Wurde aber schon mal diskutiert.


----------



## 525Rainer (14. April 2008)

ich hab so ziemlich den selben riehmen (carbonverstärkt) in einer lochbohrmaschine die wassergekühlt wird. er ist mir letzte woche gerissen und gekauft hab ich das ding 2002. find ich also nicht schlecht aber im motorenbau hat sich die steuerkette besser bewährt. erst mal die dirter testen lassen.


----------



## Bike_fuhrpark (14. April 2008)

Die Firma Nicolai Entwickelt doch grade das System "G-Boxx2". Da werden Riehmen verbaut. Auf der Startseite ist ein Video vom Aufbau gestellt.

Klar haben wir schonmal drüber nachgedacht. Bloss du müsstest denn Rahmen ja öffnen können um denn Riehmen zuwechseln. <---Da fängt das dann schon an mit denn Problemen.


----------



## Deleted 49241 (14. April 2008)

Ich spiel das mal "laut gedacht" durch:
Also wenn dann ein Zahnriementrieb, wie er beispielsweise fuer die Ventilsteuerung bei den DOHC-Motoren von Opel verbaut wird. 

Ein glatter Riemen ist dafuer ausgelegt, bei zu hohen Anfangsmomenten (Drehmoment) durchzudrehen und fuer Trial dann denkbar unvorteilhaft. 
Vereinfacht:
 Moment am Riemen= delta(Kurbelarm Kettenblatt)*(MasseMensch*g)
Laege bei einem Menschen von 90 kg bei 105 Nm
Allerdings kommen da noch so Sachen hinzu, wie das Massentraegheitsmoment und die Tatsache, dass man das Pedal "tritt" und sich nicht nur "reingleiten" laesst, sowei die Uebersetzung 
(hier I= z1/z2= 1,5 bedeutet eine Momentenminderung am kleineren Rad bei gleichzeitiger hoeherer Drehzahl)...
Folglich muesste die Feder der Spannvorrichtung mindestens diese Spannkraft (+weiteres) haben.

Die Verzahnung der Zahnriemen ist nicht sonderlich hoch, was bereits bei geringen Spannungsverlusten zum Durchrutschen fuehren wuerde. Deswegen werden auch immer die Spannrollen beim Auto mitgetauscht...
Die Rollendurchmesser muessen ebenfalls einen bestimmten Durchmesser haben, je nachdem, wie hoch die moegliche Kraftaufnahmen der jeweilig aufliegenden Zahnpaarungen ist. 
Eine geeignete Spannvorrichtung muesste min. zwei Auflager haben, damit sie sich nicht wegdreht und leicht sind die Dinger nicht gerade. Allerdings waere eine umgebaute "Bashguardkonstruktion" denkbar.

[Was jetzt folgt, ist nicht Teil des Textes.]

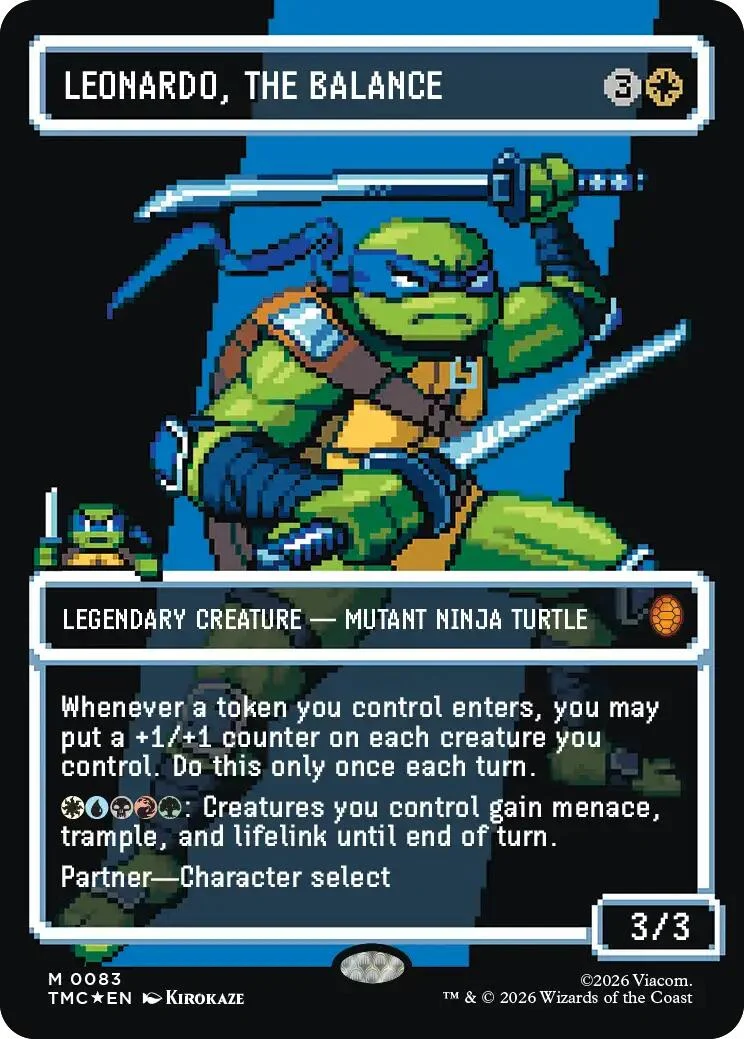 Leonardo, the Balance (0083) (Borderless) (Surge Foil) (83) (Teenage Mutant Ninja Turtles)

 Ein Kardantrieb waere wahrscheinlich auch noch ne Moeglichkeit (siehe BMW-Motorraeder). Aber die Stirn und Zahnraeder muessten erst eigens dafuer angefertigt werden. Die Vorhandenen duerften entweder zu teuer, oder zu schwer sein... Und moeglicher Weise steht die Kettenstrebe der Rahmenkonstruktionen im weg.

Aber machbar ist es bestimmt alles...

edit... 

Die Riemen aus dem Auto sind nicht dafuer gedacht, grosse Kraefte zu uebertragen. Sie sollen lediglich "mitlaufen". Motrorraeder hingegen haben derartige Riementriebe, die auch entsprechend Kraefte uebertragen koennen. Aber soweit ich das vor meinem inneren Auge habe, haben die keinerlei Verzahnungen...


----------



## HeavyMetal (14. April 2008)

und die müssten auch in x verschiedenen längen produziert werden, damit sie überall passen.


----------



## Bike_fuhrpark (14. April 2008)

Gut das Du die Formel raus gehaun hast. Dann musste ich es nicht tun  
Im Fotoalbum ist schon ein Bike mit Kardanwelle. Muss ich mal suchen gehen.

Edit: Denke mal das dass Gewicht durch die Denke fliegt. Dazu kommt noch die Reibung von einer Welle dazu. wer soll denn da noch Vorwärs kommen(?).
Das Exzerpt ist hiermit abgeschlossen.